* **EXERCISE BRIEF**: Each line of the data that includes "with" must be copied.

* **EXERCISE MATERIAL**:
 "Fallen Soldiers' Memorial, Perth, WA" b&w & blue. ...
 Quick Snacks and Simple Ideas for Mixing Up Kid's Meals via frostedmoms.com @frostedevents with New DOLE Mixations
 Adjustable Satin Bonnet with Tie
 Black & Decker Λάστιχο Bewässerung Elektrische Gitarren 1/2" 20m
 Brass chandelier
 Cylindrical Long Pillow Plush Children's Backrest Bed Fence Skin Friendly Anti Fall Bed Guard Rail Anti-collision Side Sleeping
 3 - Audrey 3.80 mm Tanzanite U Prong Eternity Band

* * *

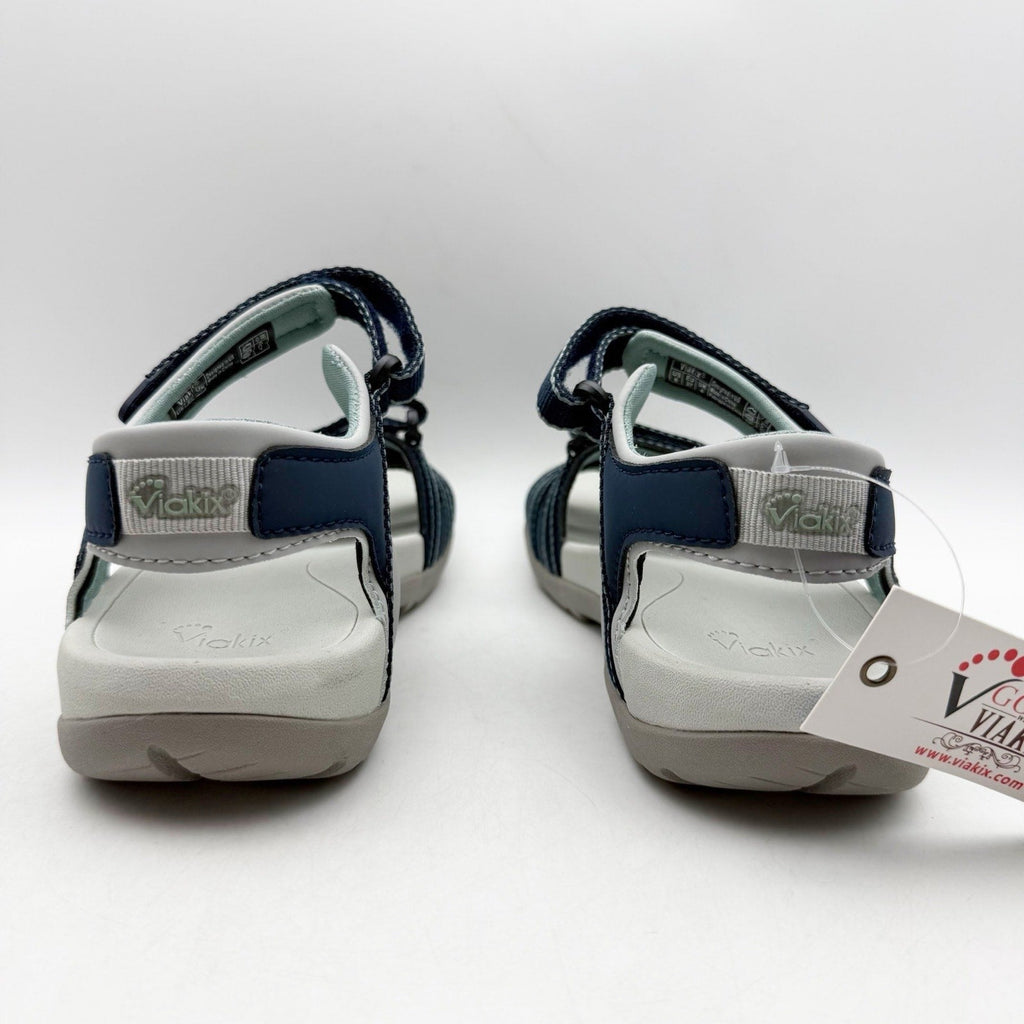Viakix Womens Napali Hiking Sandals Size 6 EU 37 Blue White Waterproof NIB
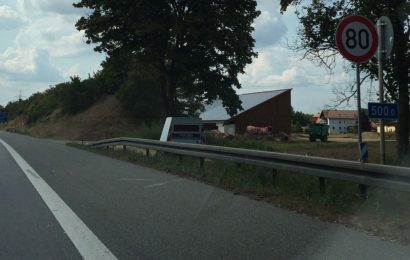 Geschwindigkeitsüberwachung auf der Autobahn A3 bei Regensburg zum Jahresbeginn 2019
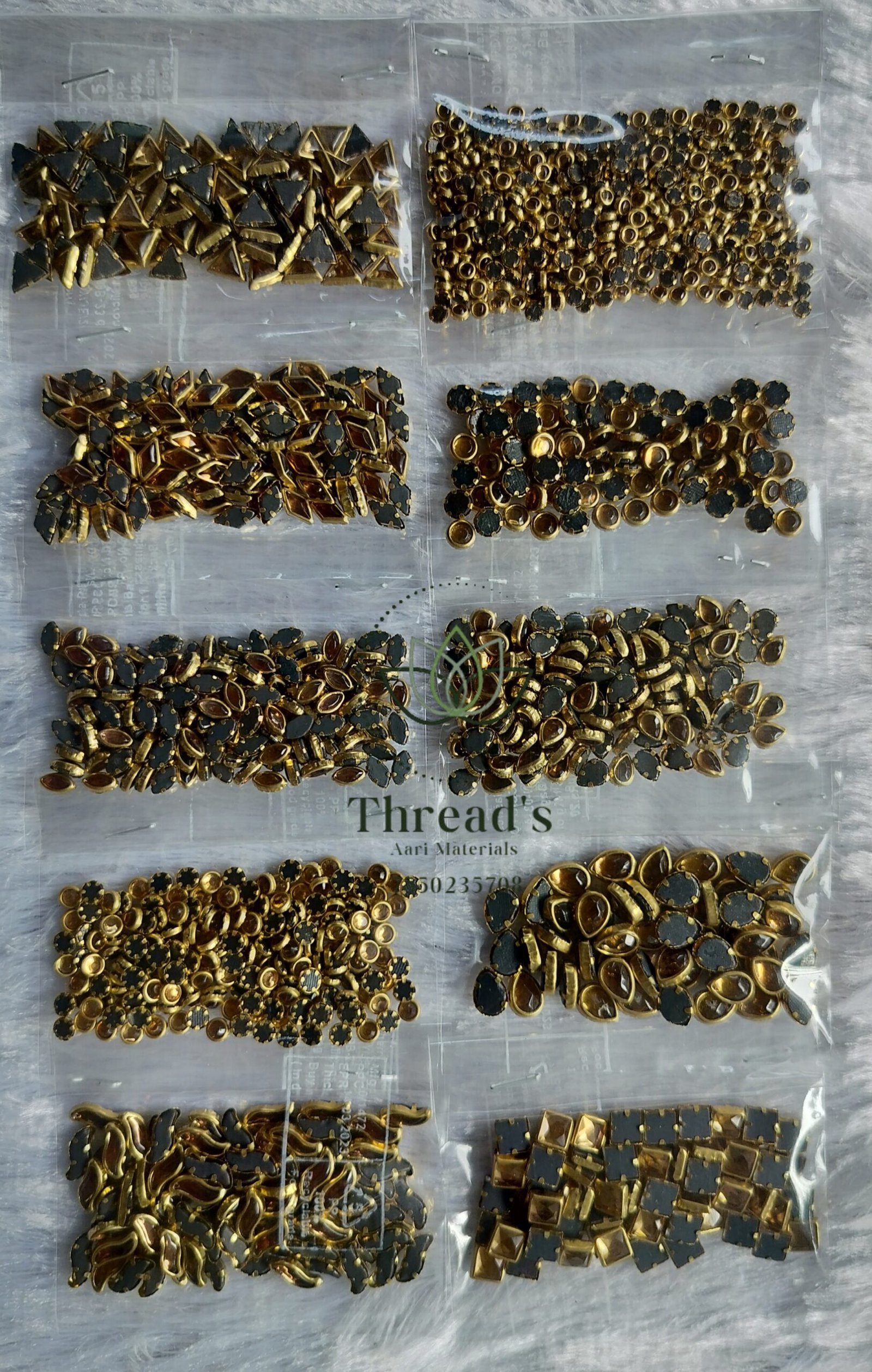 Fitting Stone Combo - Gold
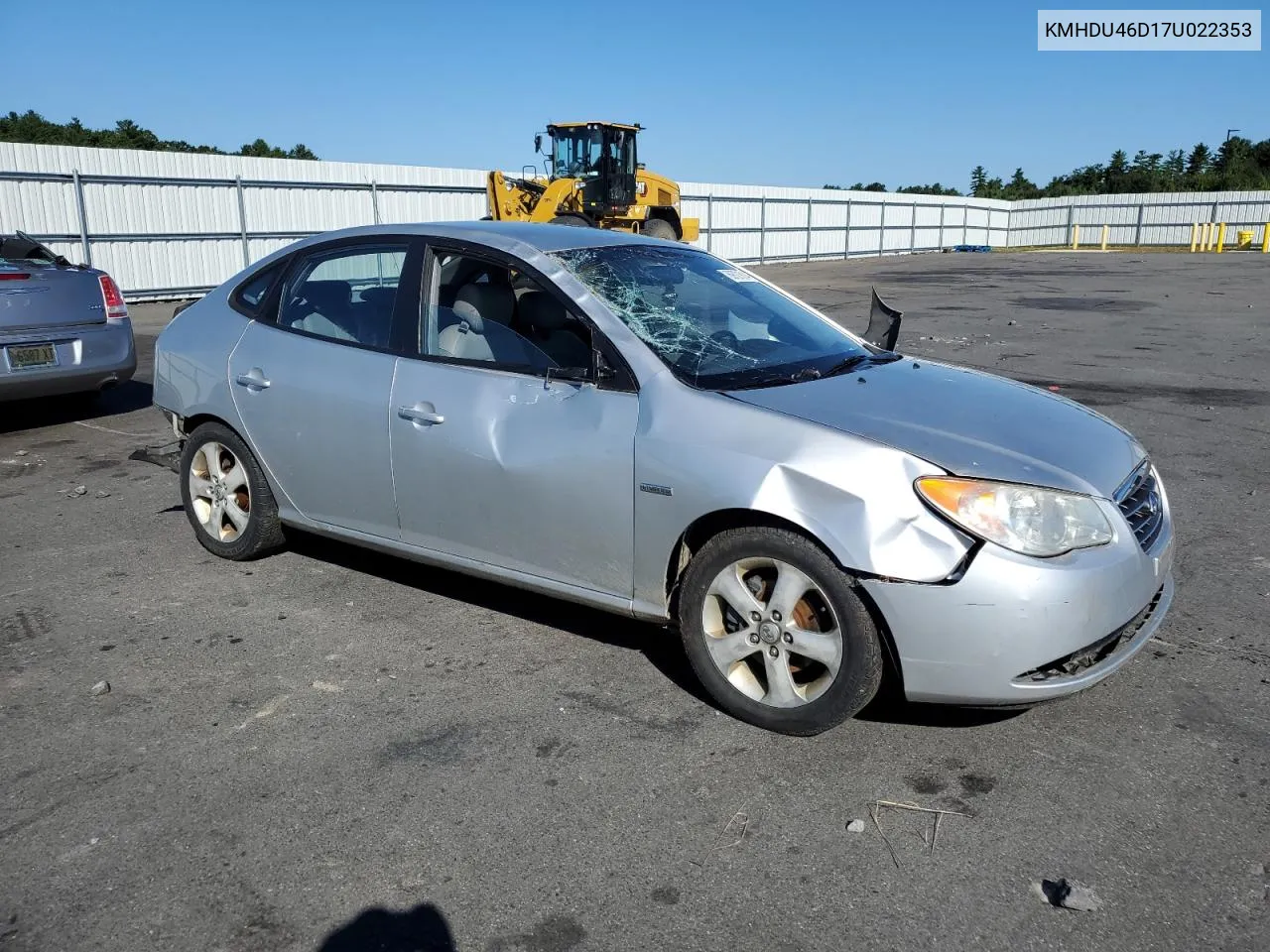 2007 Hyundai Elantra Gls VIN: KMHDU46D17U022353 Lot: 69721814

* **ANSWER TO THE EXERCISE**:
 Quick Snacks and Simple Ideas for Mixing Up Kid's Meals via frostedmoms.com @frostedevents with New DOLE Mixations
 Adjustable Satin Bonnet with Tie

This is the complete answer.